Material and Methods

This phase I single arm study included a two-step safety run (dual combination of D+SBRT then triple combination of D+T+SBRT). Durvalumab (1500 mg IV every 4 weeks (Q4W), for up to 13 dose) +- tremelimumab (75mg/Q4W for up to 4 doses, then modified following manufacturer instruction to 300 mg IV single dose at C1D1) and SBRT (9 Gy x 3 fractions from C1D15) were administered in metastatic head and neck, lung, oesophageus, cervix, vagina, vulva or anus SCC patients. The phase II part (n=55) is ongoing. Each study step was, started after dose-limiting toxicity (DLT, based on CTCAE-V4, within 8 weeks from C1D1) assessment of combination-related toxicities.

Results

Twenty patients (n=9 D+SBRT; n=11 D+T+SBRT, n=3 T Q4W and n=8 T single dose) were included in this phase I part at a single center.
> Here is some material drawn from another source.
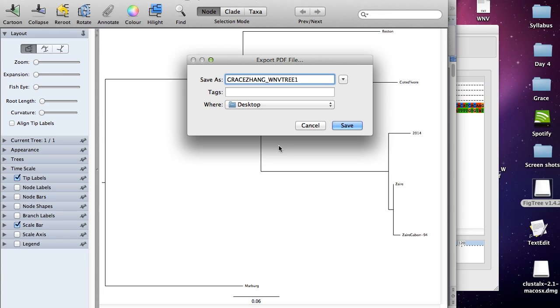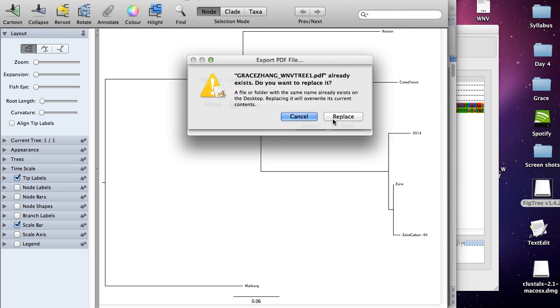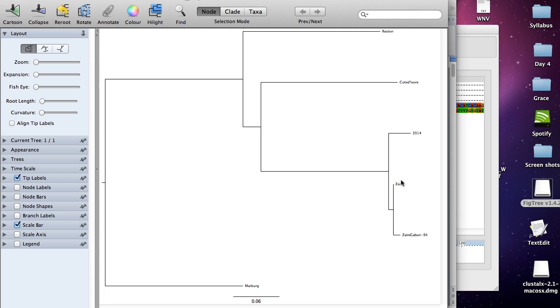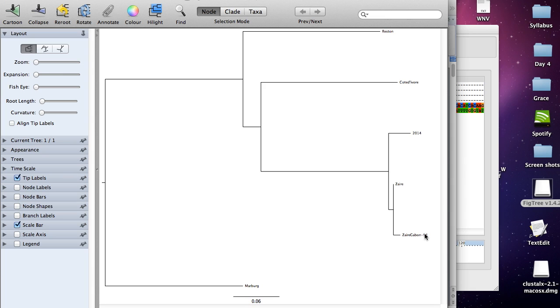Just one quick thing before I finish up. The tree gives you a good idea of which organisms are more closely related. We can see Zaire here, and we can say Zaire Gabon 94. These two organisms are more closely related than Zaire is to, let's say, Reston. However, this 2004 virus right here is equally related to Zaire and Zaire Gabon 94. Just keep this in mind when you're looking at these trees and trying to answer some of the questions.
Most patients were female (65%), the median age was 54 years, most represented primary tumors were esophagus (42%), anal (26%) and cervix (16%) SCC and all patients had received prior (median: 2 lines) systemic treatments. In the D+SBRT group, one patient experienced a DLT of Grade (G) 3 colitis. In the D+T+SBRT group: two patients experienced (T Q4W: n=1 and T single dose: n=1) DLT of G3 colitis (both with G3 diarrhea and one with G3 abdominal pain). Overall, 24 G3-4 adverse events (AEs) were reported in the D+SBRT (n=12, gastrointestinal (GI) disorders being the most frequent, 4/12, 33%) and D+T+SBRT groups (n=12, GI disorders being the most frequent, 7/12, 58%). No toxicity-related death was, observed.

Conclusion

D+-T+SBRT showed a favorable safety profile in pre-treated metastatic SCC, although GI disorders were frequent, as expected. The updated data will, be presented at the meeting. The triple combination is currently assessed in phase II part.